A question central to this study was what drives the expression of seed-specific DMV genes in seeds, or what drives their repression at other stages of development. Histone modifications are thought to contribute to the activation or repression of transcription . Thus, we investigated the profiles of active and repressive histone marks and observed a striking enrichment within DMVs. Significantly, we discovered that many peaks of differential histone marks between leaves and endosperm are also substantially enriched within DMVs, suggesting that DMVs may have important contributions to the positioning and rearrangement of histone modifications during seed formation and development. Seed-specific DMV genes, including master regulators mentioned above, tended to have high levels of active histone modifications (e.g., H3K4me3, H3K36me3, H3K27ac, K3K9ac) and quite low levels of repressive histone modification (H3K27me3) marks in the endosperm relative to leaves, as expected, while constitutively expressed genes exhibited no obvious changes in any of the histone modifications tested here. Overall, our analyses suggest that DMVs are usually marked by histone modifications, and the reconfiguration of histone modifications within DMVs plays a critical role in the regulation of seed-specific genes, especially master developmental regulators.
We performed an integrated analysis of transcriptome sequencing, whole-genome bisulfite sequencing, and ChIP-seq of histone modifications and provided a comprehensive understanding of the activity of seed-specific genes and the molecular basis of seed/endosperm development in castor bean. In particular, we revealed the crucial role of DMVs in the regulation of key seed regulators in castor bean, especially as cis-acting elements like enhancers. This large dataset will serve as a foundation for understanding the precise regulatory mechanisms underlying seed development in castor bean and other important crops.

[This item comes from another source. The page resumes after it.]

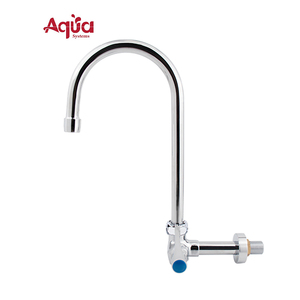 Aqua Systems Modern Wall-Mounted Kitchen Faucet Single Handle Polished <b>Chrome</b> Ceramic Valve 6-7.9in Height - Product Image 1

The castor bean cultivar “ZB306” (kindly provided by Zibo Academy of Agricultural Sciences, Shandong, China) was used for all experiments. The seeds were surface-sterilized and placed on water-soaked filter papers. After 2 days, the germinated seeds were transferred to soil and seedlings were grown in the greenhouse in 13-h day (28°C)/11-h night (22°C) conditions at Kunming Botanical Garden (Kunming Institute of Botany, Kunming, Yunnan, China). All samples, including germinating seeds (germinated for 2 days), 3-week-old seedlings, young leaves, roots, stems, inflorescence, pollen, ovules, capsules, developing seeds at five stages (10 DAP for S1, 20 DAP for S2, 35 DAP for S3, 45 DAP for S4, 55 DAP for S5), embryos (35 DAP), and endosperm (35 DAP) were collected by manual dissection. The five stages of developing seeds were determined as described previously . The embryo and endosperm samples were separated from seeds at 35 DAP. These samples were immediately frozen in liquid nitrogen and stored at –80°C until total RNA and genomic DNA extraction.
RNA-seq and data analyses
Total RNA was extracted from different castor bean tissues using Trizol reagent (GENEray, SHH, CHN). The concentration and integrity of the RNA samples were measured on a Qubit 3.0 device (Thermo, Waltham, MA, USA) and by gel electrophoresis (Bio-Rad, Hercules, CA, USA), respectively. A total of 1 μg high-quality RNA was used for library construction with the TruSeq® Stranded mRNA Sample Preparation kit (Illumina, San Diego, CA, USA) following the manufacturer’s instructions. The resulting libraries were sequenced on an Illumina HiSeq X Ten system (Illumina, San Diego, CA, USA) in Shanghai OE Biotech Co., Ltd. (Shanghai, China). After RNA sequencing, raw reads were preprocessed to remove adaptor sequences, low-quality reads, and contaminating sequences. The resulting clean reads were then mapped to the castor bean reference genome (http://oilplants.iflora.cn/) using TopHat . Subsequently, gene expression levels were calculated and normalized as FPKM value using cufflinks .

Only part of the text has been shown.